In recent years, many approaches like clock-gating, dynamic
voltage scaling, drowsy- cache etc, have been adopted to
mitigate the issues relating to the power-wall. These
techniques like dynamic voltage scaling, drowsy cache tend to
operate at lower supply voltages, and with technology scaling
node capacitances also keep reducing. This has enabled to
have reduced energy consumption but at the cost of increased
soft error rates. In this project, we carry out the analysis of soft
error rate impact for the standard 6T SRAM cell based cache
memory due to the technology scaling and operation of lowpower drowsy mode caches. First, we study the effect of
technology scaling on the soft error rate in terms of the FIT
rate, and then we address the impact of operating the caches in
drowsy mode (lower operating voltages) on the soft error
rates. Then, we apply the PARMA model to classify the FIT
rate into SDC (Silent Data Corruption) and DUE (Detectable
Unrecoverable Errors). We carry out the simulation of
SPEC2000 benchmarks on drowsy cache enabled simplescalar tool to quantify the results. The results obtained for the
FIT rates for technologies scaling from 65nm to18nm
technologies, using the ITRS roadmap indicate the peak
increase of around 12.5% and the variation of FIT rate in each
technology nodes for the drowsy voltage levels scaling from
nominal supply voltage to the lower operating voltage, as low
as 1.1times the threshold voltage indicate the maximum
increase of 2.6%. More importantly, we demonstrate that the
low voltage operating mode of drowsy caches can be
employed at different technology scales (65nm-22nm), as they
do not impact much on the soft error rate and there is no need
to build any additional expensive corrective mechanisms for
improving the immunity to soft error for operating drowsy
mode caches.
Index Terms—Drowsy-Cache,
Technology-Scaling.
Reliability,
Soft-Error,
INTRODUCTION
Traditionally technology scaling aims to improve the
performance, increase the transistor density, and reduce the
energy/power consumption per transistor. In this aspect,
CMOS technology has been more promising in effectively
meeting the low power demands. But the CMOS technology
scaling beyond the 90nm have raised significant concerns in
meeting the power demands of the microprocessors [15, 17]

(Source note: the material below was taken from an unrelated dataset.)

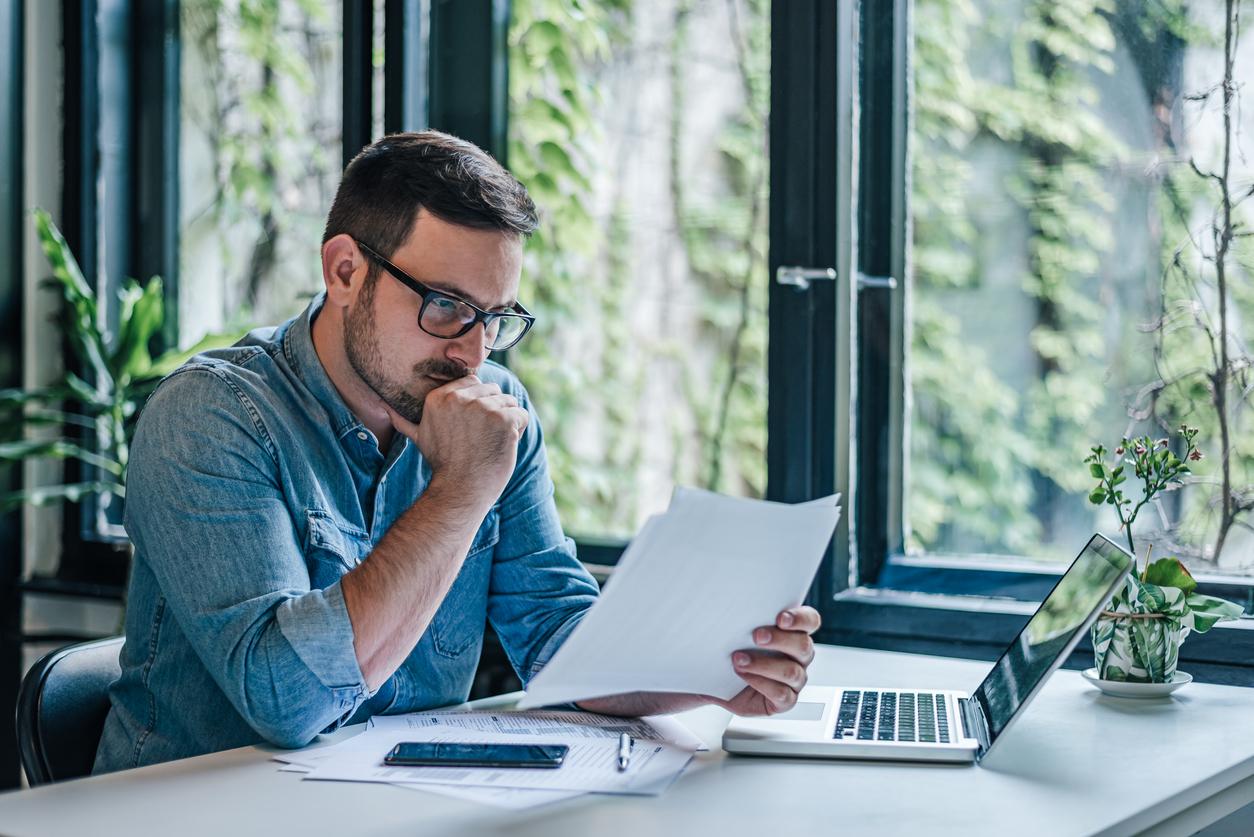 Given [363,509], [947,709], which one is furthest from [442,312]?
[947,709]

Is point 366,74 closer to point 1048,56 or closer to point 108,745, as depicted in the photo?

and have also raised the concerns over the system reliability
[18]. This need of meeting the power demand has become a
major issue and has led to the term “Power Wall”- which
signifies the much-aggravated issue of meeting the power
demands of the power hungry microprocessors.
Power consumption of the transistors can be
attributed to two chief aspects namely the Dynamic power and
the static/leakage power. Dynamic power is due to the
switching activity in CMOS circuits, while static power
consumption is due to leakage current, and unlike dynamic
power, static leakage is not based on activity and contributes
to power dissipation even when the transistors are not
operational. This static leakage (Ileak) is primarily due to subthreshold and gate-oxide leakage currents as shown in Eq (1).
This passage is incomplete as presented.